Tout est lié dans l’ordre social, dans l’ordre moral, dans l’ordre physique. La plus funeste des erreurs est celle qui éternise le mal en persuadant qu’il est inévitable. Les fruits désastreux de la perfectibilité s’accumuleront, les yeux s’ouvriront enfin sur l’avenir plus sinistre encore ; par l’expérience de ses misères l’homme apprendra quels sont ses biens. Cette révolution générale des choses exigera l’accord universel de tout ce qui compose l’ordre social. Les meilleures institutions que l’on établiroit en négligeant celles qui les doivent soutenir, ne seroient que des réglemens d’un jour. Cependant les hommes jetés dans le moule commun, ces vrais enfans de notre siècle, énivrés d’esprit et privés d’ame ; pour qui l’usage est la loi irrévocable ; qui voient dans le monde comme il va, le monde comme il doit aller ; que tout mouvement alarme ; que toute grande chose étonne ; dont toutes les conceptions étroites sont badines, fleuries, délicieuses qui chérissent surtout les arts aimables, et sont nés pour les choses délicates ; dont la capricieuse et indolente volupté cherche, quitte, reprend et dédaigne des nouveautés d’un goût exquis ; et qui par fois ne sachant de quoi parler, arrangent le monde social en prenant le sorbet dans un lieu charmant ; ces hommes avancés, dont vingt siècles de perfectionnement préparèrent l’ingénieuse légèreté, vous diront avec une grâce inexprimable : qu’il faut se contenter de réformer quelques abus ; que les secousses dérangent tout le monde ; que nous ne sommes plus dans les siècles grossiers de la première Grèce, ni dans les tems rustiques de nos bons aïeux ; qu’un peuple éclairé est fait pour les arts et les agrémens de la vie ; et que tout homme sage abandonne les rêves inutiles de la philosophie, se soucie peu des peuples qui l’écouteroient si rarement, vit pour soi, ne cherche que les amusemens de la société, et ne songe qu’à se rendre aimable.

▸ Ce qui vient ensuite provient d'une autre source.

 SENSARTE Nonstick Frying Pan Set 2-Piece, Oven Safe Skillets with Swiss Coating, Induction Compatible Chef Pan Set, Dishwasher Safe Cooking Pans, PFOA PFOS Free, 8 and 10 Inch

  1. Cette indépendance produit trop de délibération et d’incertitude. Dès que l’on s’arrête habituellement à peser les avantages de chaque chose, il arrive souvent que l’on ne sait plus à laquelle se déterminer, et plus souvent encore que l’on n’en trouve aucune qui mérite que l’on cherche à l’obtenir ; car il en est bien peu parmi nous qui puissent valoir ce qu’elles coûtent. Cette froide estimation de la valeur réelle des choses, cette triste balance rebute notre aine suspendue dans l’indolence et le dégoût ; et l’illusion à jamais détruite nous livre à l’indifférence pour toutes choses.
  2. Quand on décide l’avenir, on voit assez bien ce qui sera le plus convenable, et nul ne peut plus légitimement que soi-même prescrire quel ordre de choses on veut embrasser ; mais quand on délibère sur le présent, l’impartialité devient d’une difficulté extrême, et il arrive presque toujours que l’on se laisse séduire par le goût actuel, ou l’intérêt du moment présent, qui rarement est le goût que l’on conservera, et l’intérêt de l’ensemble de la vie.
  3. Sans les lieux où de choix entraîneroit trop d’inconstance ou d’irrésolutions, et de desirs trop vagues et trop ambitieux, il pourroit arriver que l’exercice de ce droit naturel rendit moins heureux que les suites de les institutions qui l’ôteroient.

    Chaque consideration nouvelle m’amène toujours à condamner ce qui résulte généralement des grandes sociétés ; car que pourroit-on attendre de convenable et d’heureux pour l’homme là où les lois de sa nature, et ses droits les plus inaliénables, sont presque tous criminels ou mêmes funestes ?

  4. On peut voir dans Raynal, et ailleurs, tout ce que ce sont permis les Hollandais pour détruire chez les Indiens certaines épices, dont ils vouloient faire une récolte exclusive dans les îles qu’ils avoient envahies. On y peut voir aussi toutes les guerres, les injustices, les ravages, produits par le commerce, ce célèbre lien des peuples.